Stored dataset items
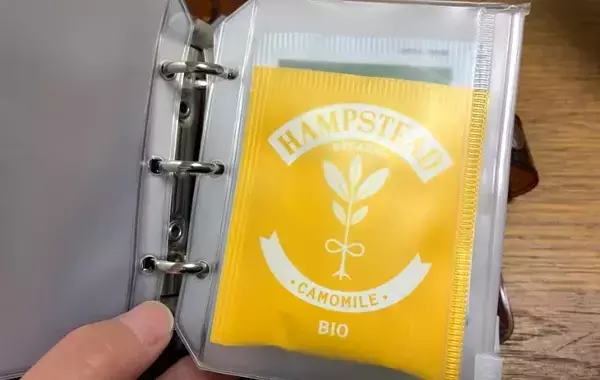 スリコで見つけた『本型キーホルダー』中がジップバッグになっていて？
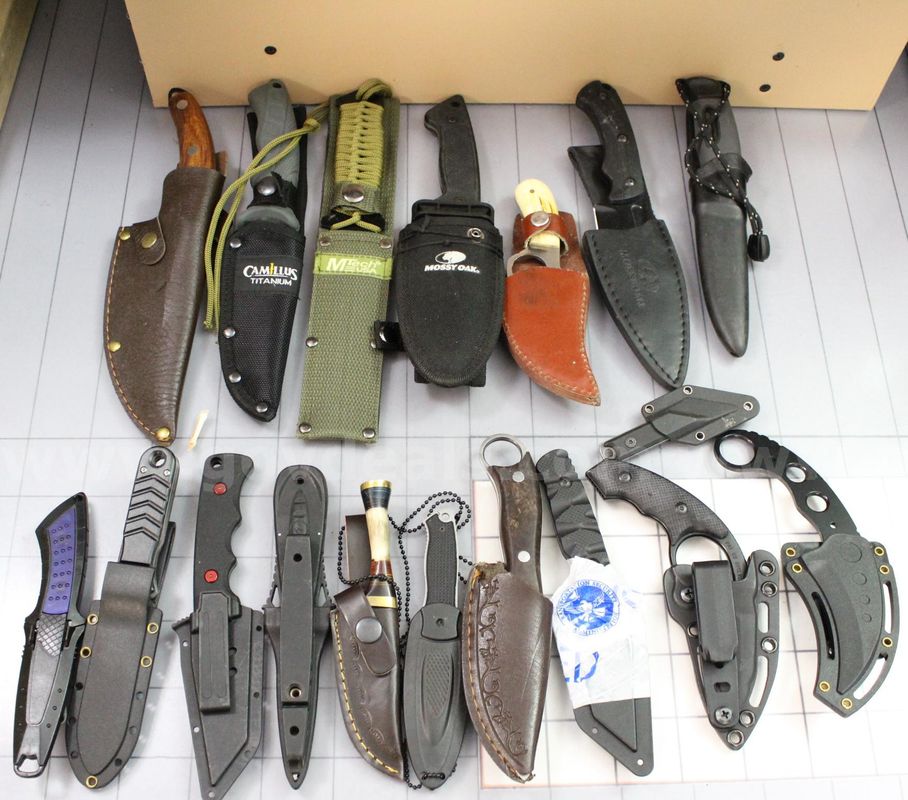 Approximately 6 lbs. of Assorted Fixed Blade Knives, #35923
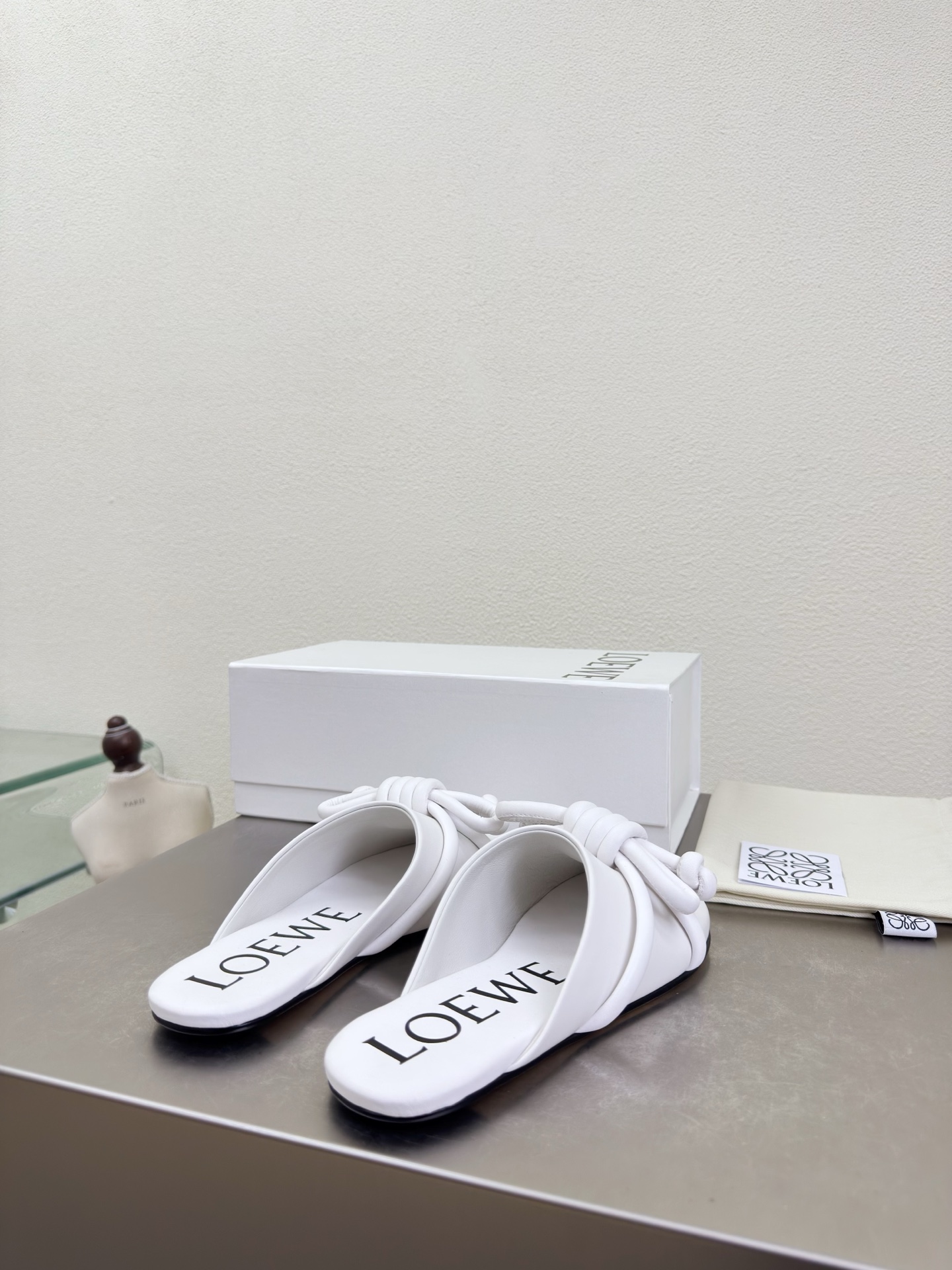 Bagsaaa L0ew* Flamenco Knot mule in lambskin White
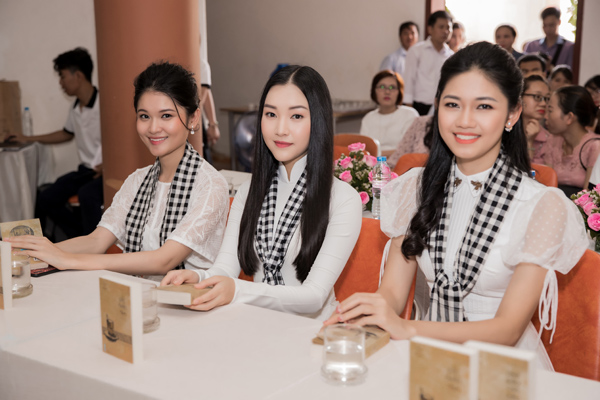 “Nàng thơ xứ Huế” Ngọc Trân đẹp ngọt ngào khi ký tặng sách - 3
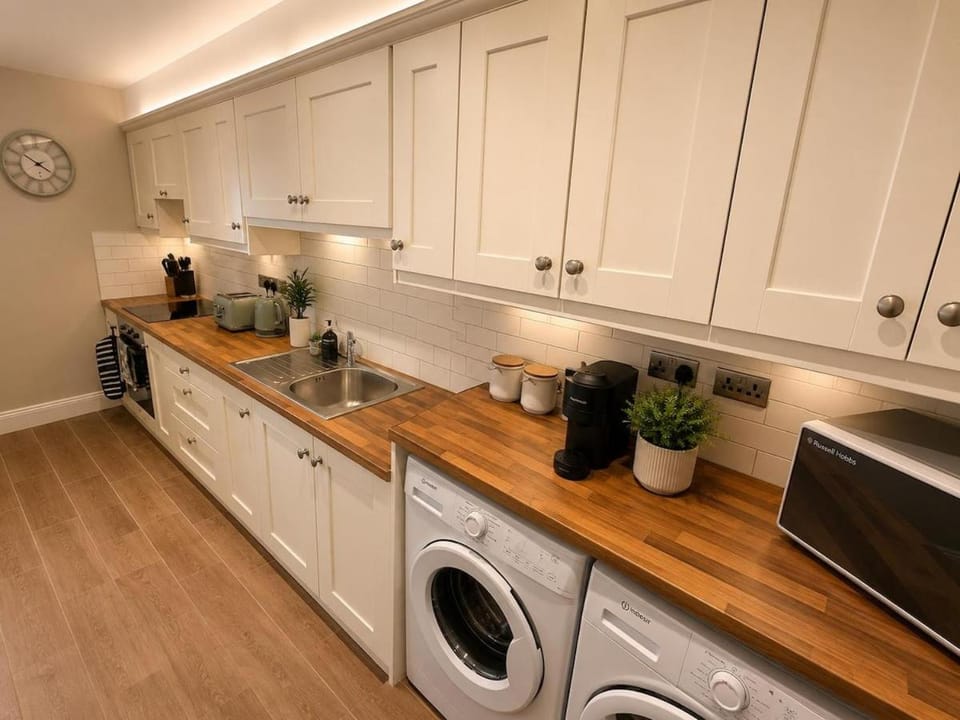 Coffee/tea facilities, oven, stove, toaster, washing machine, dryer
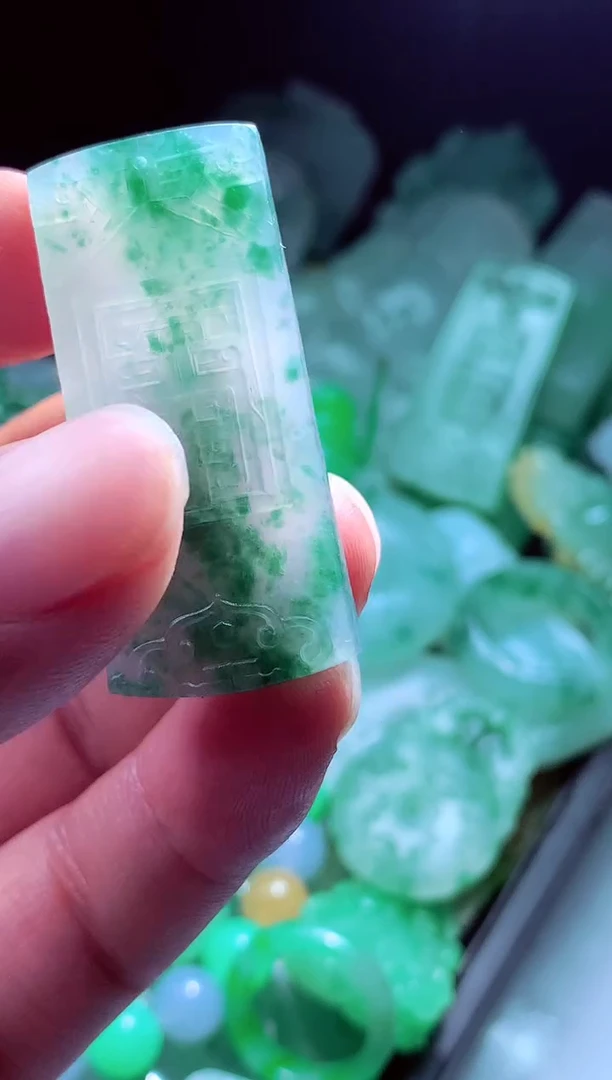 未镶嵌定制翡翠无*?翡翠毛货定制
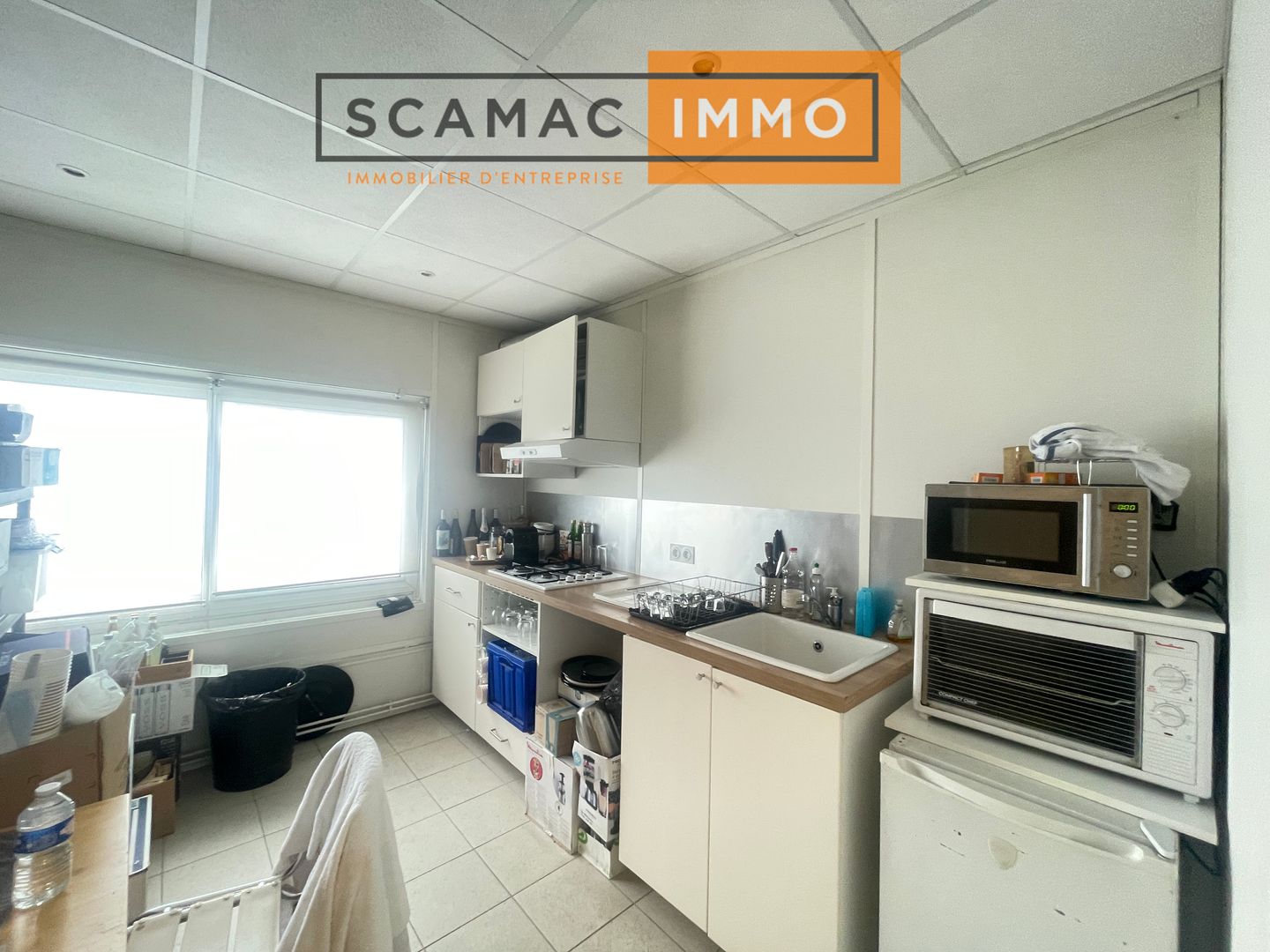 locaux mixtes de 220m², Saint-Michel-sur-Orge (Essonne)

### Prompt
Retype exactly the lines above, starting at the line containing "未镶嵌定制翡翠无*?翡翠毛货定制" and ending with the last line, both included; leave out the pictures.

### Task response
 未镶嵌定制翡翠无*?翡翠毛货定制
 locaux mixtes de 220m², Saint-Michel-sur-Orge (Essonne)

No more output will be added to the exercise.